In Constantinides v The Republic of Cyprus (1999) 2 CHRLD 254, the Supreme Court of Cyprus held that:
The European Court of Human Right has established that a justifiable fear that the Accused will interfere with the course of justice, including destroying documents, warning or colluding with other possible suspects and bringing pressure to bear upon witnesses, is another permissible ground for his or her detention. A general statement that the accused will interfere with the course of justice is not sufficient; supporting evidence must be provided.
The evidence presented to the Court in that case consisted of a letter in which two prosecution witnesses expressed their intention to retract their previous statements. Accordingly, the Court held that on basis of the material adduced, the fears of the prosecution were reasonably justified, and hence refused bail.
Each application for bail must be considered in the context of its own circumstances depending on the facts disclosed to Court. In the present case, as submitted by Mr D. Lucas, Counsel for the First Accused and Mr Pardiwalla, Counsel for the Fourth Accused, the prosecution has not adduced any supporting evidence to substantiate the apprehension that the Accused would interfere with the virtual complainant or any other witnesses, nor that they would abscond.
I have carefully considered the submissions for the prosecution as well as for the defence. Although the case is of a serious nature, I cannot find any other ground that could not be regulated by strict bail conditions to assuage the apprehensions of the prosecution.
Accordingly, acting under Section 179 of the Criminal Procedure Code I grant bail to the First to Eighth Accused on the following conditions:
1. That they each enter into a recognisance in the form of a bond for R25,000 with two sureties.
2. That they surrender their passports or other travel documents to the Registrar of this Court forthwith.
3. The Director of Immigration to be informed that no passport or travel document should be issued to the eight accused, without a further order of this Court.

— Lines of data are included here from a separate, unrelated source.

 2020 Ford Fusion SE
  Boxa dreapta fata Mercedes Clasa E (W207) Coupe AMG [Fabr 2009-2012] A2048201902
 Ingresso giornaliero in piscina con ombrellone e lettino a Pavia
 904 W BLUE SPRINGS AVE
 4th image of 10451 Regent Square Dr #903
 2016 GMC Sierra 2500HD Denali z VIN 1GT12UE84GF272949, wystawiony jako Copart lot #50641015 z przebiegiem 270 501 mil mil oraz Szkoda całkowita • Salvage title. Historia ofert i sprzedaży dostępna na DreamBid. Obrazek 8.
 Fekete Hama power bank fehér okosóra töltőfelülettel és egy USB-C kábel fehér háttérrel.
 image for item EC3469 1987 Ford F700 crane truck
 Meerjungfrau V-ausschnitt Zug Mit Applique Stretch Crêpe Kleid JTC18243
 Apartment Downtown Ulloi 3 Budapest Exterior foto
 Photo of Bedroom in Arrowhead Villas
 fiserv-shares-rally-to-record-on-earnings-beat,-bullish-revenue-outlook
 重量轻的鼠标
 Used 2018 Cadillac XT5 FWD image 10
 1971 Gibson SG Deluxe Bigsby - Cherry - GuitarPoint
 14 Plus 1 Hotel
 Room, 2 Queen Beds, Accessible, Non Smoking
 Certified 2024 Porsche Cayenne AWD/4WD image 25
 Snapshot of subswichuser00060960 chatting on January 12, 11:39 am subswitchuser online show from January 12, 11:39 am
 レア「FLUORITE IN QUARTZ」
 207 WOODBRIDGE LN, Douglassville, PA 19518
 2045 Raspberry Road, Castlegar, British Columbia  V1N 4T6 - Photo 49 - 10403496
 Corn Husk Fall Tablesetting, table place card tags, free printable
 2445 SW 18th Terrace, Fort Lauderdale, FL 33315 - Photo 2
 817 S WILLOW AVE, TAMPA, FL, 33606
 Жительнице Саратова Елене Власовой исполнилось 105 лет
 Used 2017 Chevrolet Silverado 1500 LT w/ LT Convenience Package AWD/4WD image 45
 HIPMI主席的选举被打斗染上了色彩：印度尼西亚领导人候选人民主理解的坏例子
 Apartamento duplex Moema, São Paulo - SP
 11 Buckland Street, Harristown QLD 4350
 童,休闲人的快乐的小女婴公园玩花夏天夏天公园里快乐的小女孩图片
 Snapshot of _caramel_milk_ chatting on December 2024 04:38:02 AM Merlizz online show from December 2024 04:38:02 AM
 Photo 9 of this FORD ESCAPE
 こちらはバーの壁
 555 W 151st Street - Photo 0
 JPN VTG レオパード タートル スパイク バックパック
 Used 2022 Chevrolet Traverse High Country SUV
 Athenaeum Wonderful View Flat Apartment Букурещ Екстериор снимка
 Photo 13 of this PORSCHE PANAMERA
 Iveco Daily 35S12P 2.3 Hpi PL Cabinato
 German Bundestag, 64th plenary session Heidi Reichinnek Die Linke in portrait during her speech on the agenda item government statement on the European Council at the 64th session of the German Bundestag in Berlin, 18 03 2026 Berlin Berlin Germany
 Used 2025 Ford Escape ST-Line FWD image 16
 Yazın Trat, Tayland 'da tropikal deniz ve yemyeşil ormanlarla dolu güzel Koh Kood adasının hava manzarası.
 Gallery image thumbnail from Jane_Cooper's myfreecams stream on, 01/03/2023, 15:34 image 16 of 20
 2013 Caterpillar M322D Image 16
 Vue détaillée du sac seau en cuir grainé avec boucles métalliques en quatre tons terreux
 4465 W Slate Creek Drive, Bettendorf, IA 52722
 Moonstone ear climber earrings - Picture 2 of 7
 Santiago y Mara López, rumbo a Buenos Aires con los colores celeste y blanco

4. That the eight Accused report to the Police Station nearest to their place of residence every Monday and Friday at 9 a.m. They shall not leave Mahe to any outer or inner Island without the sanction of Court.
5. That they do not either directly or indirectly interfere with, the virtual Complainant or any other prosecution witness, nor engage in any activity that would affect the course of justice.
6. That they do not abscond, and that they will attend Court punctually on each and every day the case is adjourned either for mention or trial.
The breach of any one of these conditions by any of the Accused would make him liable to be remanded till the final determination of the case.